Nothing but the lines from the first line of the records through the line with "QBI, Not an" should be output, exactly as written and free of pictures.

----------

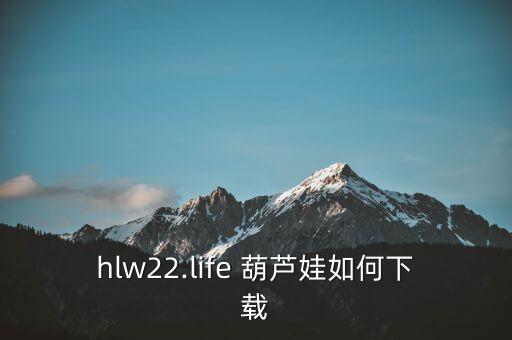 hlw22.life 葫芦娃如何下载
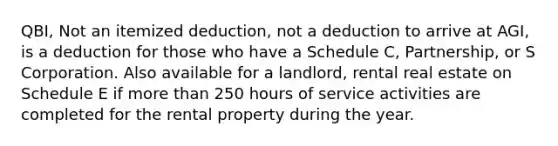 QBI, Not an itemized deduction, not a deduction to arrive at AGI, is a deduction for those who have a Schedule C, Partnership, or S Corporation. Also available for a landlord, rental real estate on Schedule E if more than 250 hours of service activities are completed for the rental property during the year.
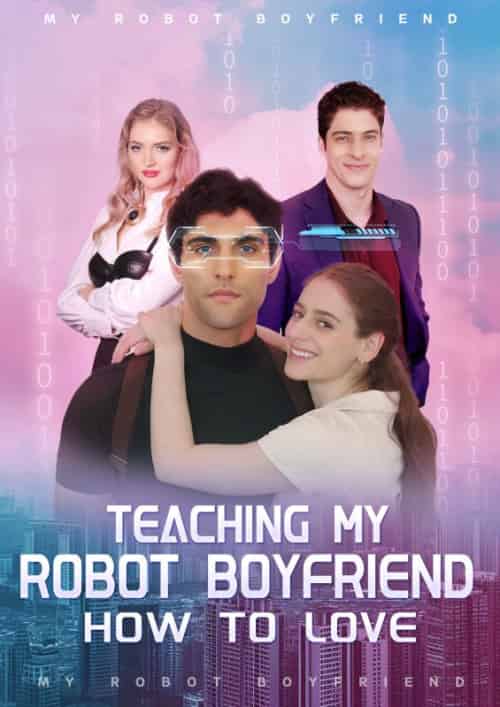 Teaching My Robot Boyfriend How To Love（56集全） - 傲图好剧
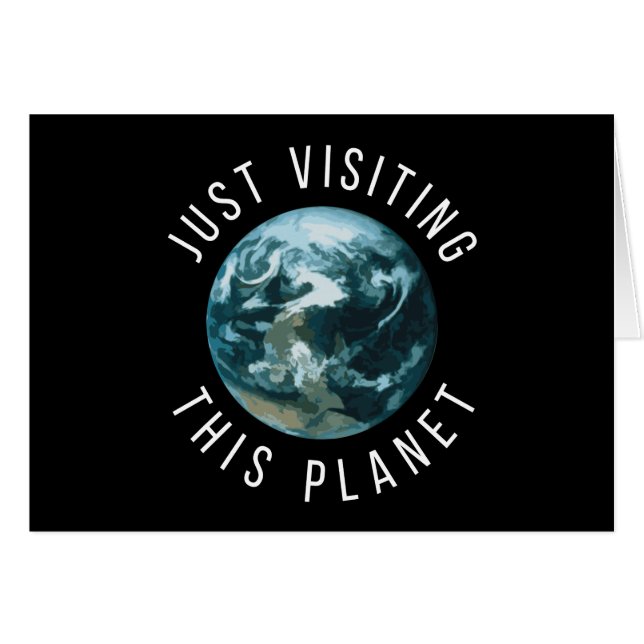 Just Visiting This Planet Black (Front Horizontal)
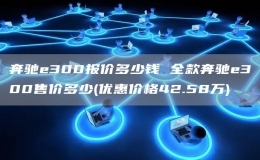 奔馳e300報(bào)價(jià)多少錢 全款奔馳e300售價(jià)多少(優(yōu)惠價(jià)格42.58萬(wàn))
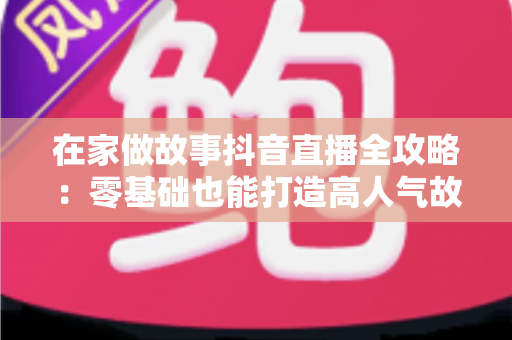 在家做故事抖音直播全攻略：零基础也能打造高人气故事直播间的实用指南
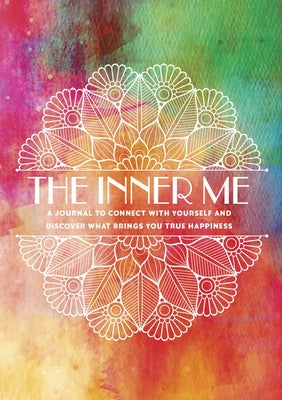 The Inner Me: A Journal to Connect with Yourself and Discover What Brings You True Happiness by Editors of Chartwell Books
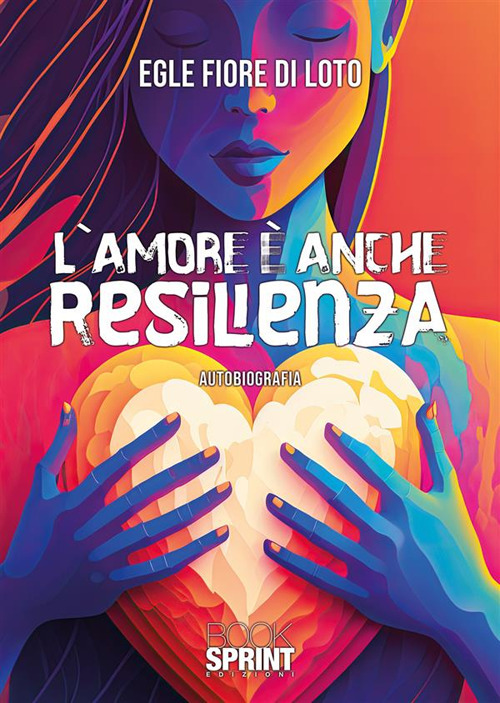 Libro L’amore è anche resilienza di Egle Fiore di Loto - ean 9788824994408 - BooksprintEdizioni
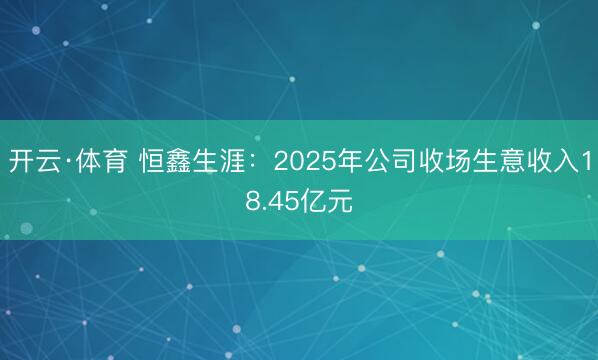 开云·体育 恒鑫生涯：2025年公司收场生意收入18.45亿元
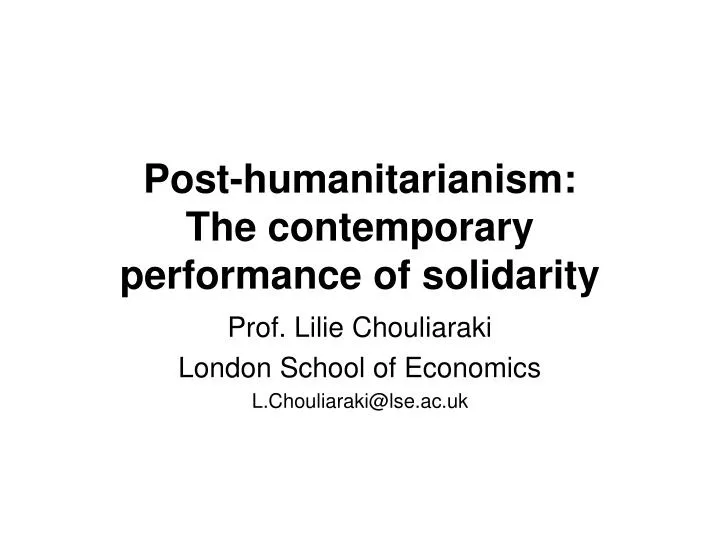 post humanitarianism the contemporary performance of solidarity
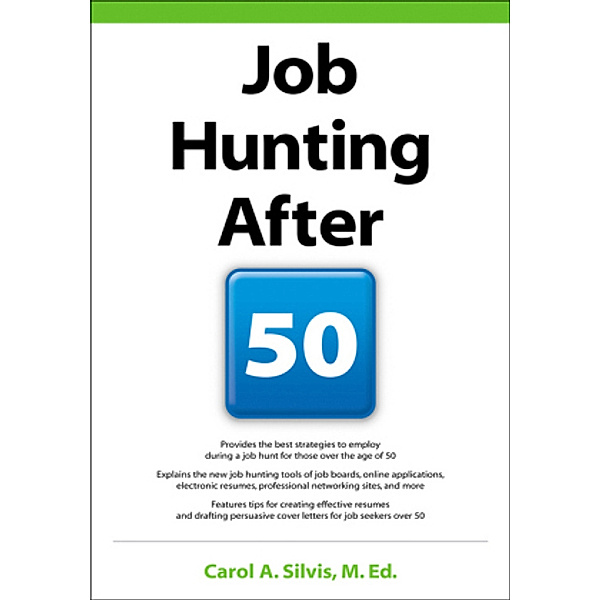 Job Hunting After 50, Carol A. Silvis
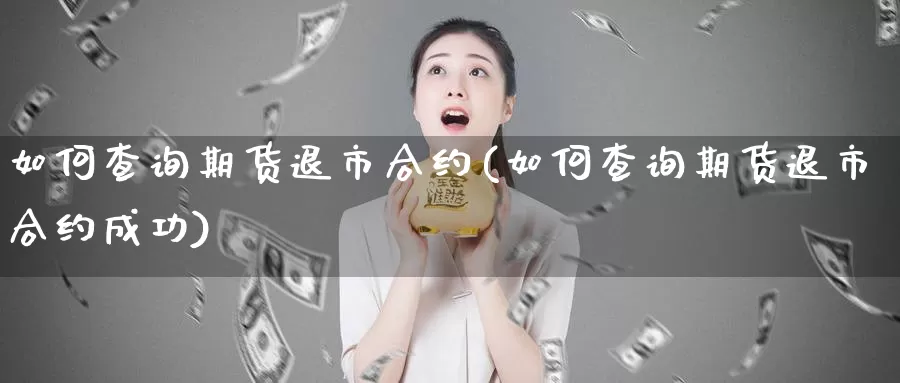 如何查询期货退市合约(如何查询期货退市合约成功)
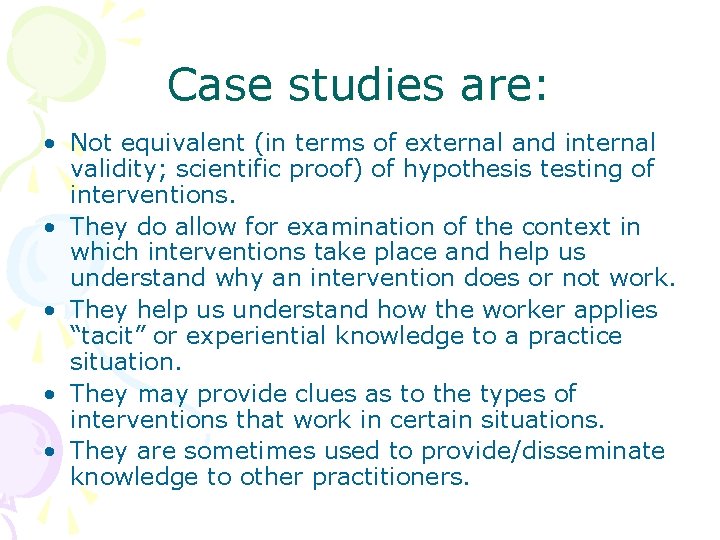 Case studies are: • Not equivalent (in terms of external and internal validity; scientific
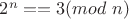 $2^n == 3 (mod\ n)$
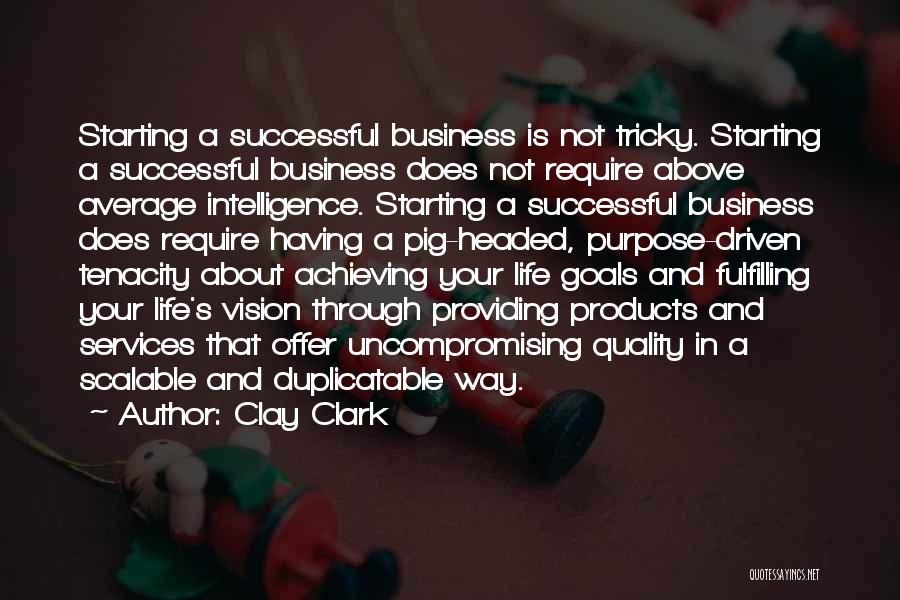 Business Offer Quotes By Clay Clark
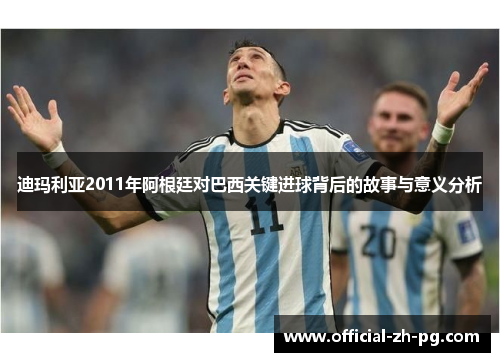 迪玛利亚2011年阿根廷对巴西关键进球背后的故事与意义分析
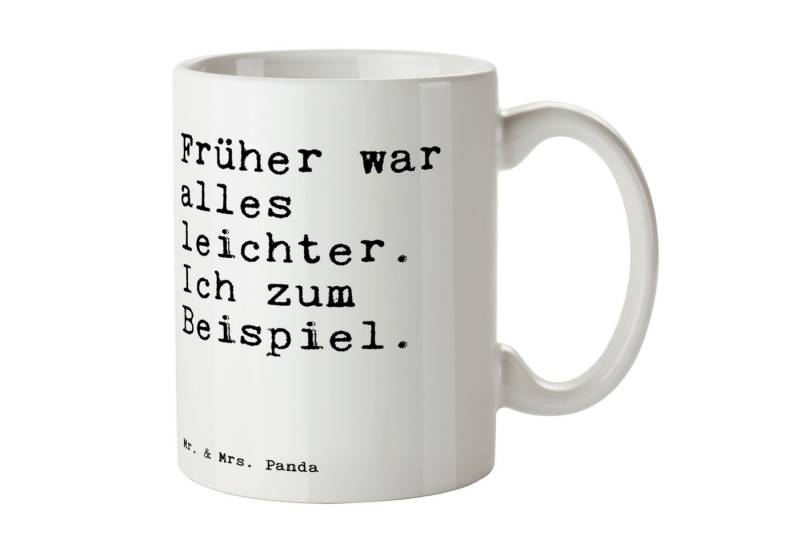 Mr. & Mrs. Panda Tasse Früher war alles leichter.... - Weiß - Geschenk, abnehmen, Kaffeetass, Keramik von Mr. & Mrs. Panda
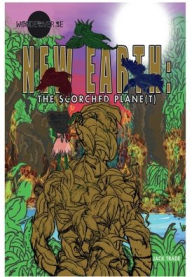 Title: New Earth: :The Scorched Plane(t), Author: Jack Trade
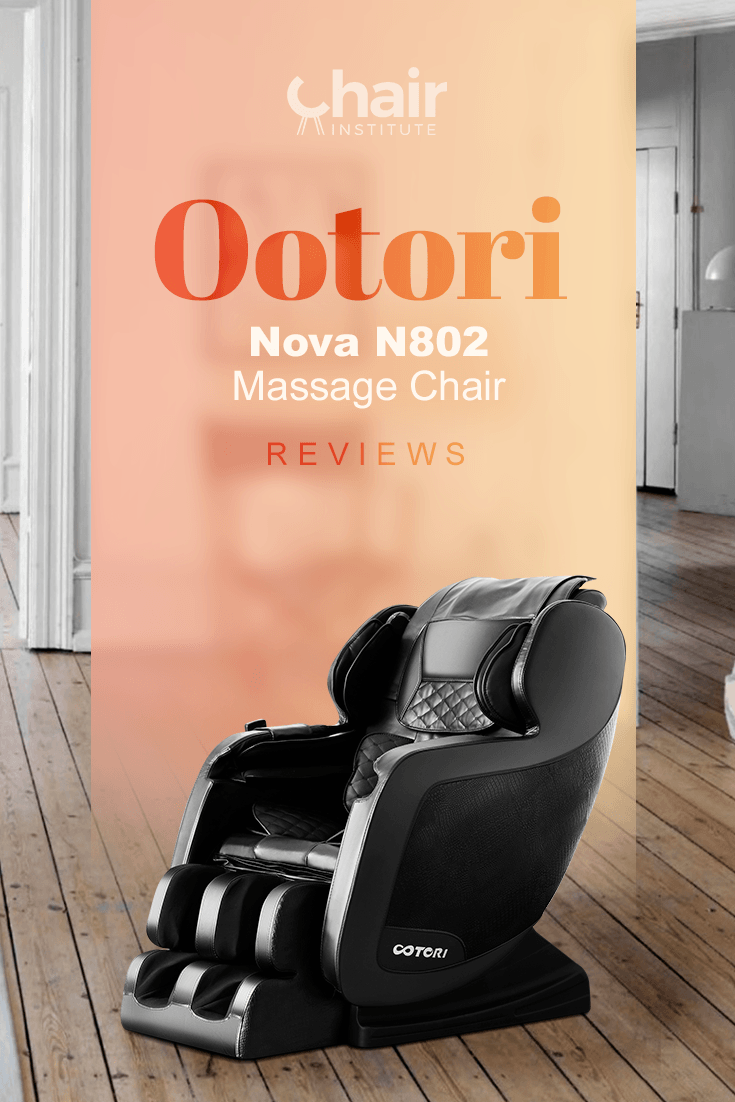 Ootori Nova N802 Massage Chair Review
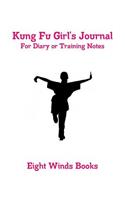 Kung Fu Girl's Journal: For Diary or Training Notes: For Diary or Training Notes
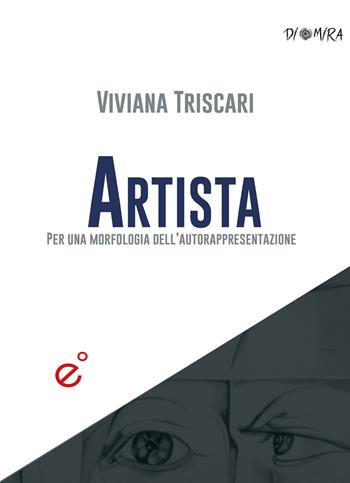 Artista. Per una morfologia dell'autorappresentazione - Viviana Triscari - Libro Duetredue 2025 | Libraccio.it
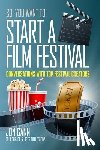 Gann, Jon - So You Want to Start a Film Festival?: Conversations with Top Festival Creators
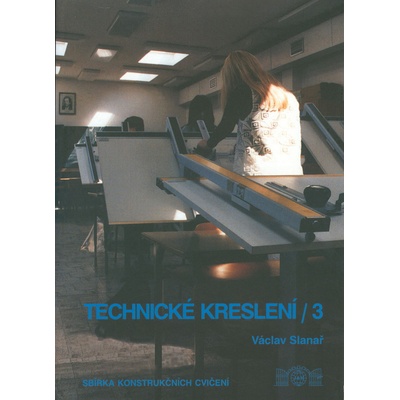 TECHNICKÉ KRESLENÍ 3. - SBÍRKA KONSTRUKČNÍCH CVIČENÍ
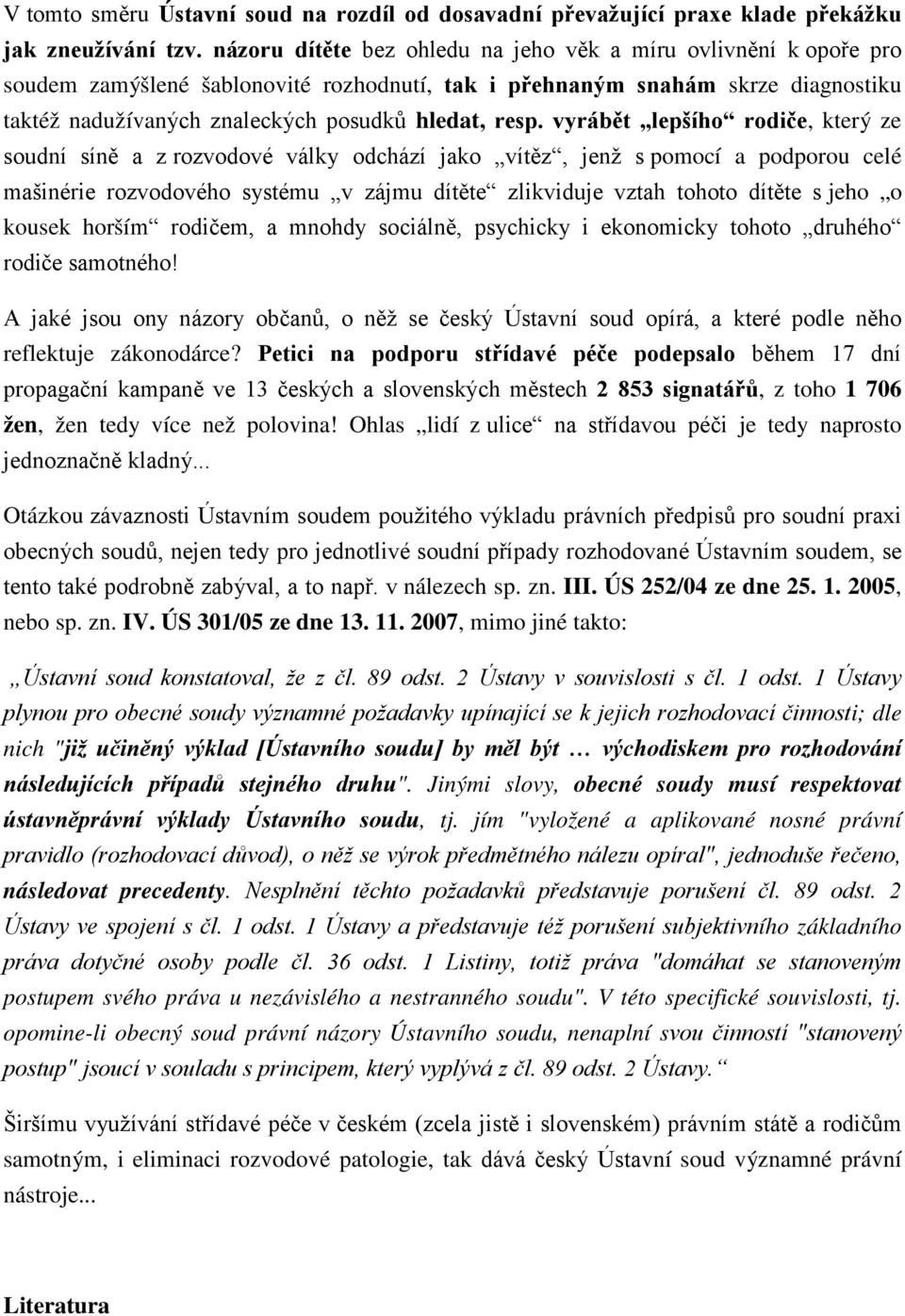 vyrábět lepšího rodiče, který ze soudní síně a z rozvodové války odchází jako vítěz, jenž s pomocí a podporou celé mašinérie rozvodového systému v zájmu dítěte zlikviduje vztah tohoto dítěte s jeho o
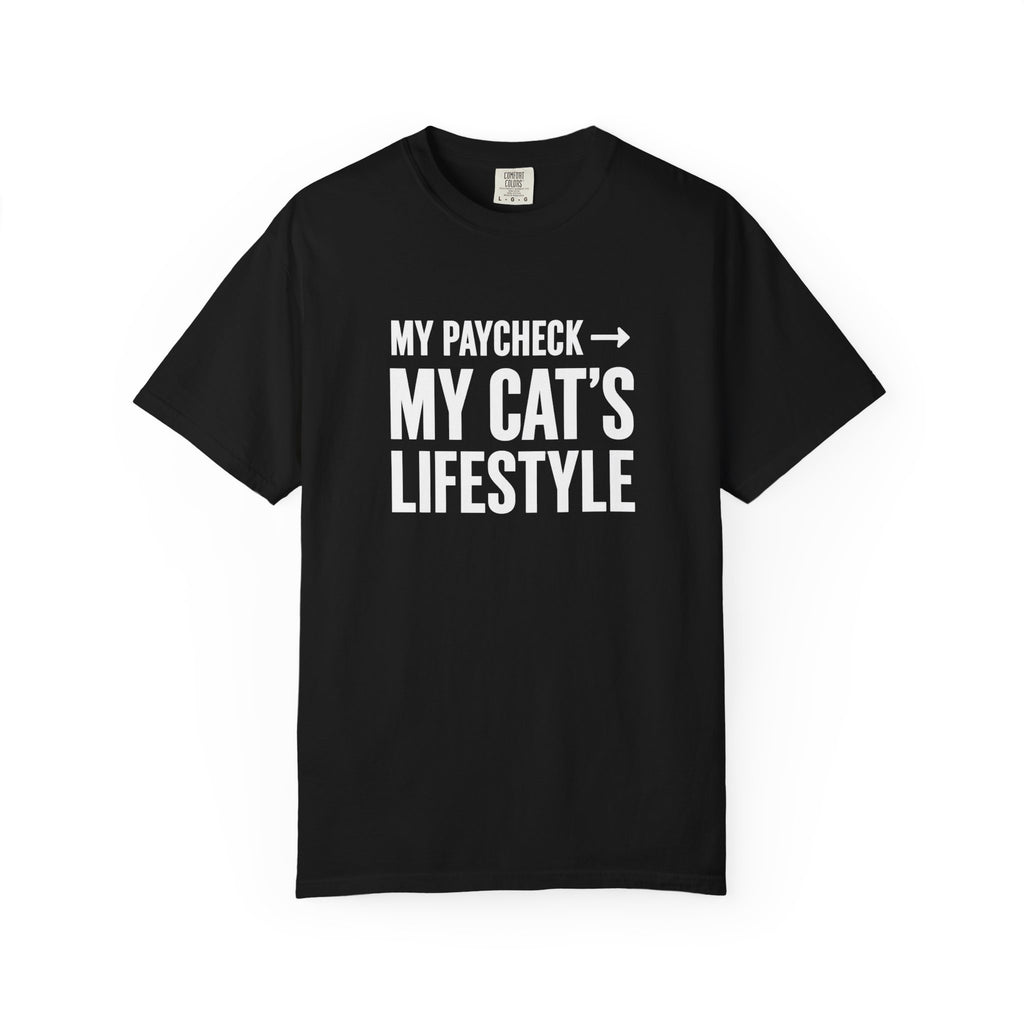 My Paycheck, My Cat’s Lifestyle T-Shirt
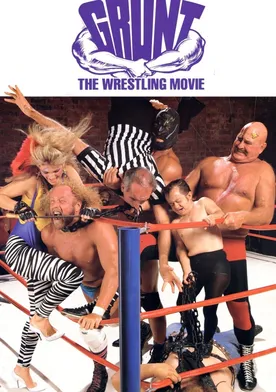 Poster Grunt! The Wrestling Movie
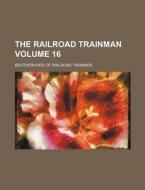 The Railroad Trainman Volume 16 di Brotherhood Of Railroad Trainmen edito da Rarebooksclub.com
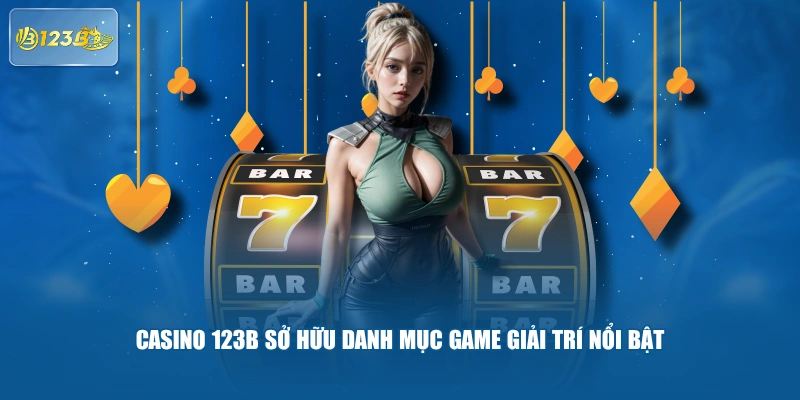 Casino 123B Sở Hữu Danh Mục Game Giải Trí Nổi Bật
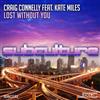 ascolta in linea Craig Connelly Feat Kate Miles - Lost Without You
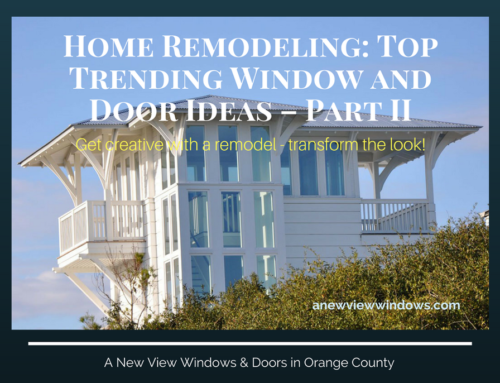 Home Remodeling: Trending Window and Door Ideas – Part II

----------

_Finished task_.
 hlw22.life 葫芦娃如何下载
 QBI, Not an itemized deduction, not a deduction to arrive at AGI, is a deduction for those who have a Schedule C, Partnership, or S Corporation. Also available for a landlord, rental real estate on Schedule E if more than 250 hours of service activities are completed for the rental property during the year.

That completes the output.